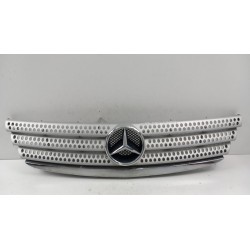 MERCEDES W169 AMG ATRAPA GRILL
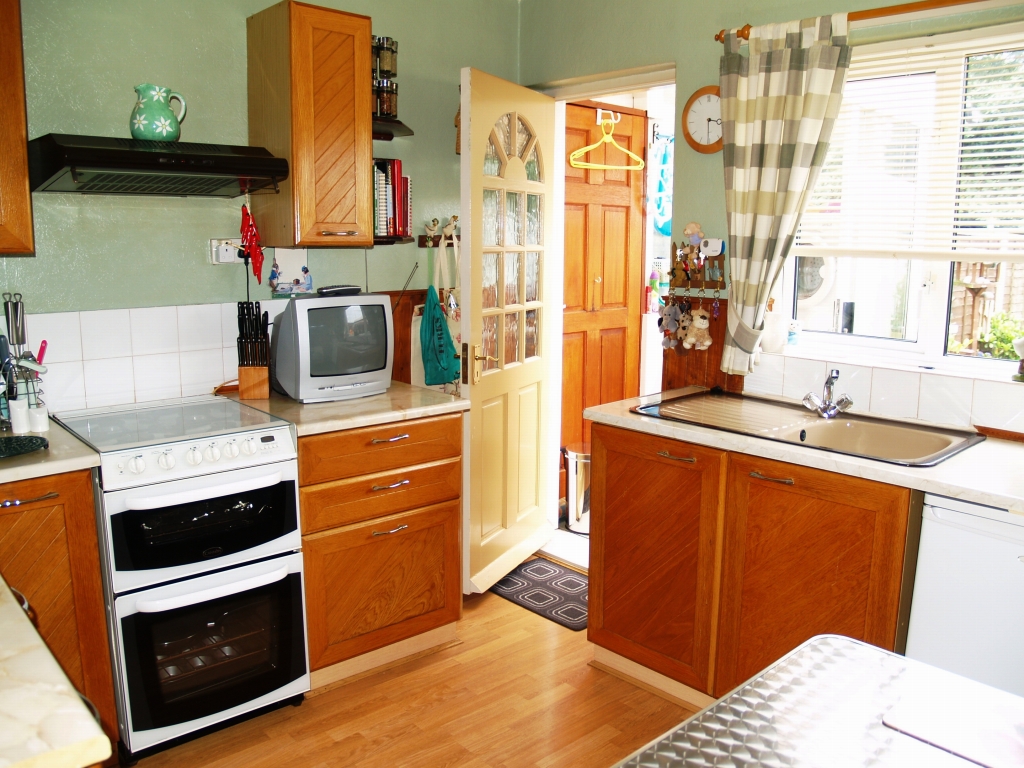 3 bedroom mid terraced house SSTC in Birmingham - photograph 3.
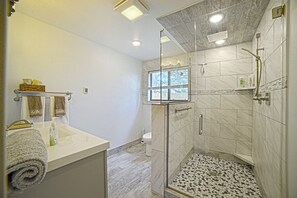Hideaway on the Golf Course | Bathroom - IVACAZ Suites on the Golf Course (Pagosa Springs)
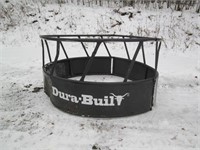 Round bale feeder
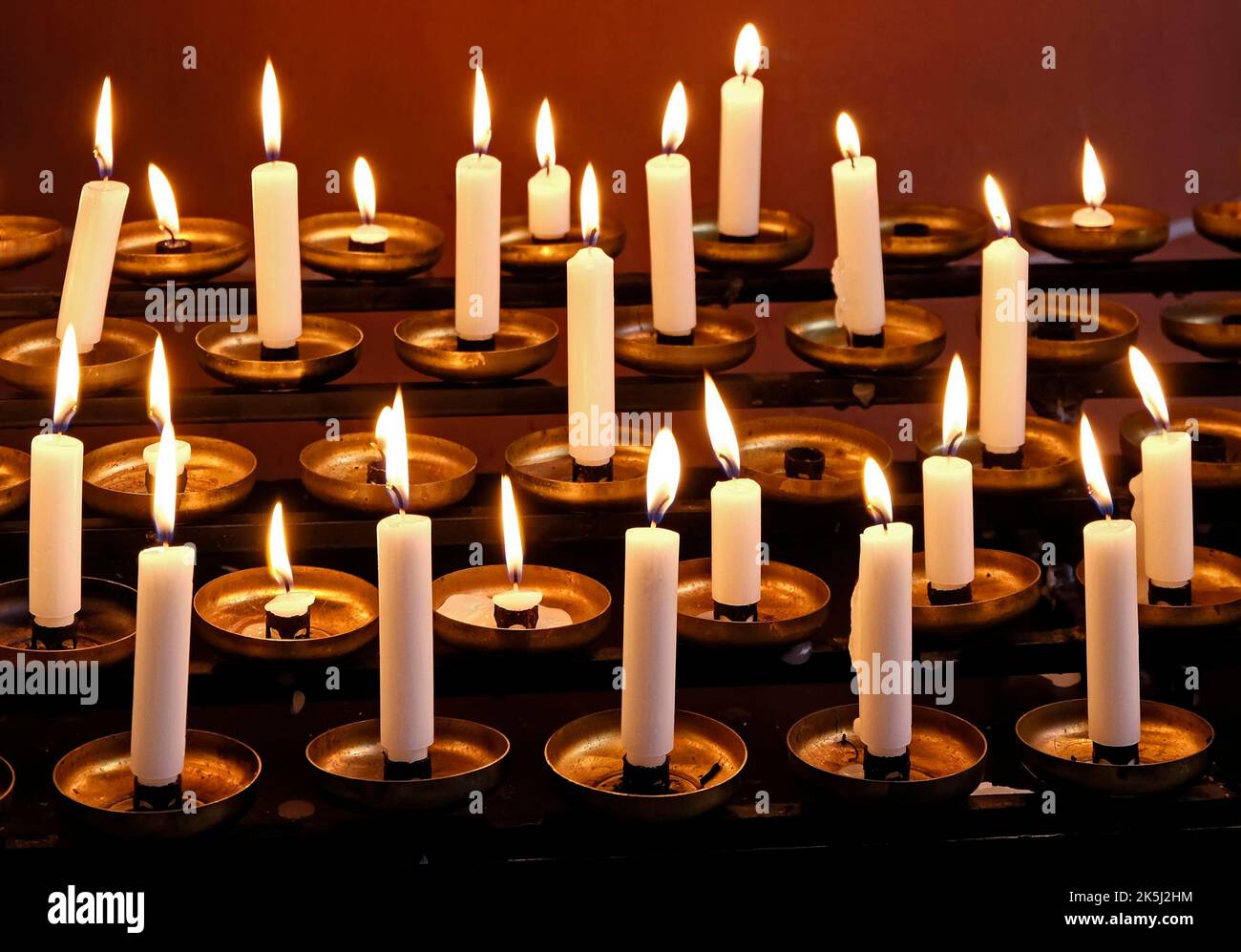 Offrant des bougies dans une église, Allemagne Banque D'Images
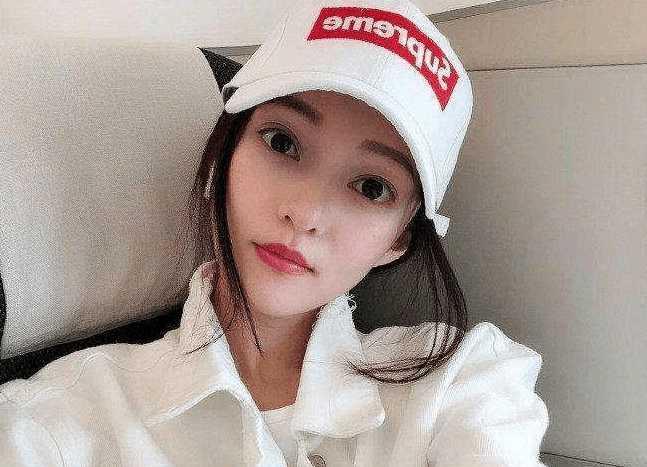 张韶涵微博开轰范玮琪夫妇：黑白狗别乱叫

• [WORK TO COMPLETE]: Ignoring the pictures, write out word for word the lines from the line containing "Hideaway on the" through the end of the material above.

• [WRITTEN REPLY]:
Hideaway on the Golf Course | Bathroom - IVACAZ Suites on the Golf Course (Pagosa Springs)
 Round bale feeder
 Offrant des bougies dans une église, Allemagne Banque D'Images
 张韶涵微博开轰范玮琪夫妇：黑白狗别乱叫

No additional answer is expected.